There’s no name for this family, but you’ve no doubt seen or talked about its members before.
They are trademarked products that society has come to “genericize” – that is, we’ve collectively agreed the brand name is what the generic product is called. Hot tubs are “Jacuzzis,” flying discs are “Frisbees,” and plastic bandages are “Band-Aids.”
And there are dozens more you might never know are actually trademarked – Hula-Hoop, Rollerblade, and Scotch Tape, just to name a few. We throw these names around so casually, we fail to realize when we’re not even using the real thing.
But equally mysterious is how these brands came to stand in for the entire set of products in their category. To find out, Business Insider spoke with Andrés Mendoza Peña, a marketing and branding expert at the management consultant firm A.T. Kearney.
Peña pointed to two specific factors that allow some brands to become the de facto name while others retain their generic title.
1. The brand has to create or reshape a category or product type.
2. The brand cannot be bigger than the product.
If you consider the most popular genericized products, many of them were the first or best version of their particular category. Flying discs began with inventor Walter Frederick Morrison turning a Frisbie pie tin into a toy in the 1950s. Jacuzzi started out as an airplane propeller manufacturer but ultimately used the technology to create the leading commercial hot tub.
To become the go-to name for a product, Peña says, brands have to capture people’s attention. And they can do that either by being first, or by being the best.
But there’s a catch, he says, and that’s where we get the second factor. Brands can’t outshine their products and still expect the public to recognize the product as the hero. Apple is the perfect example.
“They have been pushing the boundaries for new products and categories” for years, Peña says. As a result, Apple is its own respected brand. When the iPod came out amid a sea of generic MP3 players, people saw it as a singular product. Apple’s device was so innovative that nothing else could possibly share its name.
It’s the same reason we don’t call all tablet computers “iPads,” Peña explains. Apple was the definitive pioneer in many of its product categories, but according to public perception, Apple is larger than those products. 3M is not larger in the public imagination than Post-Its.

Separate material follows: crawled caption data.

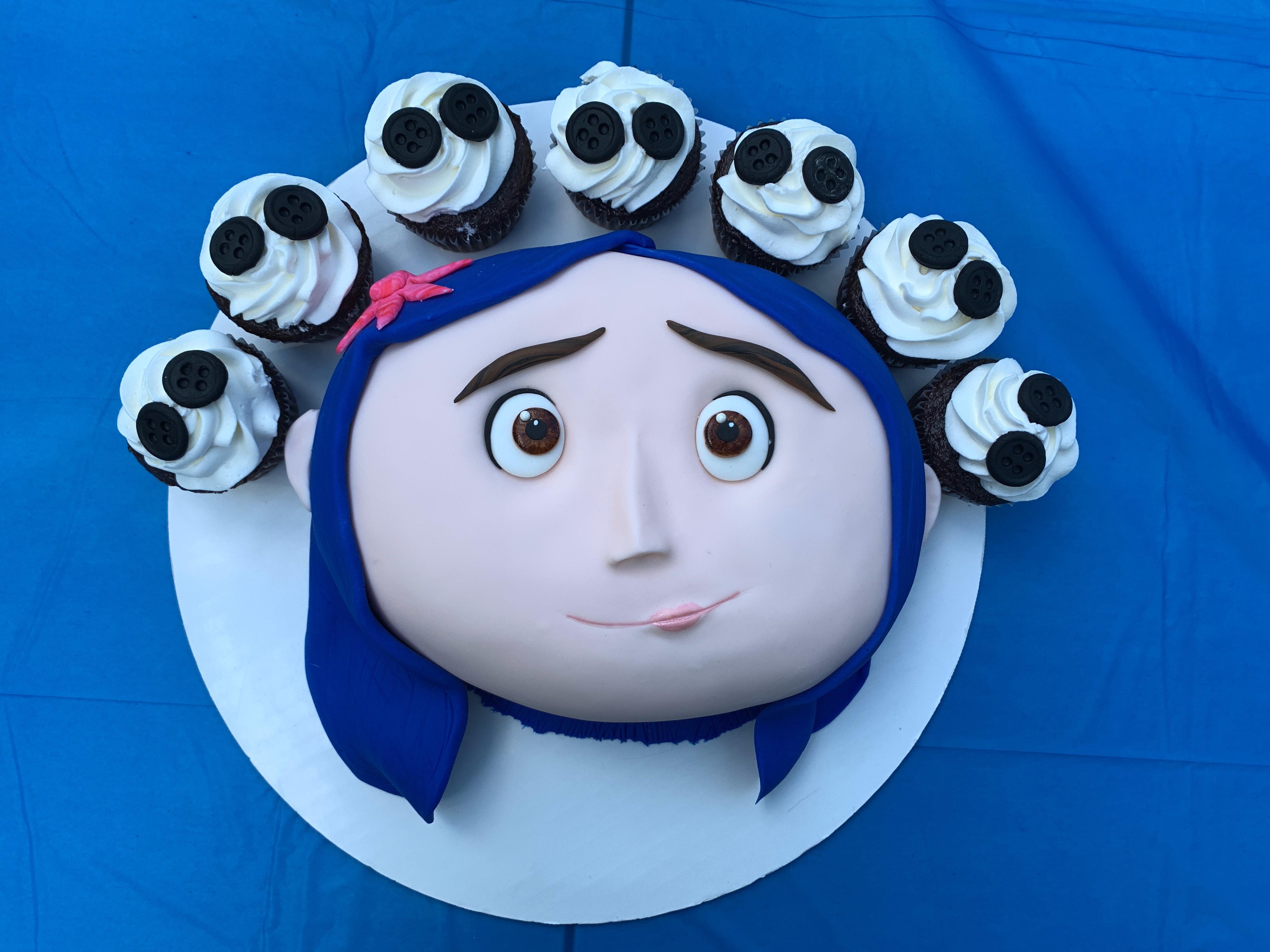 My daughters 10th birthday cake featuring Coraline! Complete with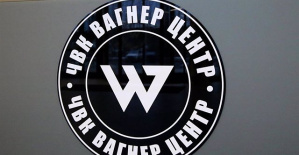 The Wagner Group says its forces have "virtually surrounded" the city of Bakhmut in eastern Ukraine.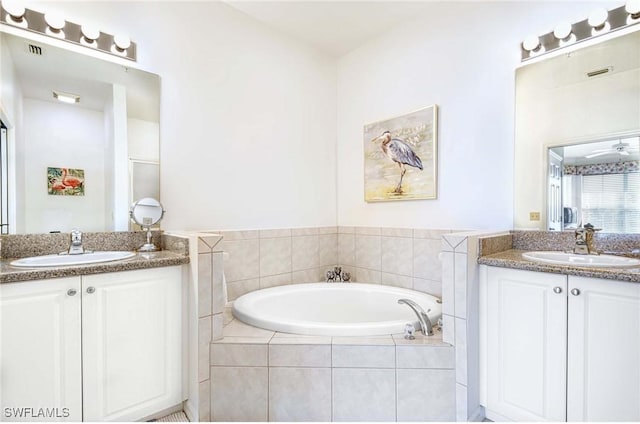 bathroom featuring a garden tub, two vanities, and a sink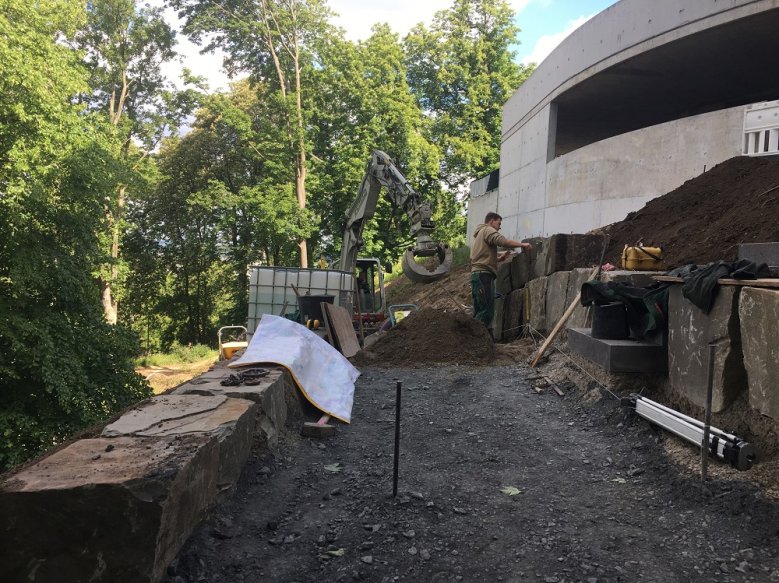2020-05-14_Michaelsberg Bauarbeiter und Bagger zwischen großen Felsblöcken, die einen geschotterten Weg einrahmen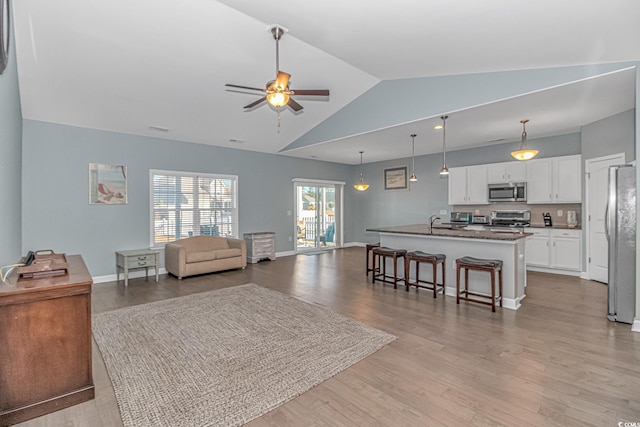 living room with light wood-type flooring, ceiling fan, and lofted ceiling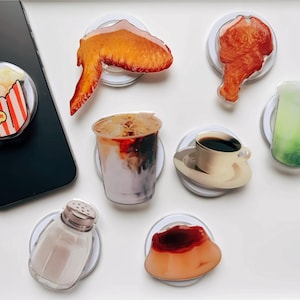 May include: Assortment of phone grips featuring various food and drink designs.  The designs include popcorn, fried chicken, coffee, a green drink, a salt shaker, and a dessert.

Companies tend not to like it when their products get genericized, even if the popularity might seem like a good thing. When people mindlessly buy generic but think they’re getting a brand, the actual brand gets diluted and the company misses out on a potential sale.
Not that customers are to blame. That’s just how branding works. Create a great product at the right time, and it can be successful. But attain a certain level of success, and suddenly the brand takes on a life of its own.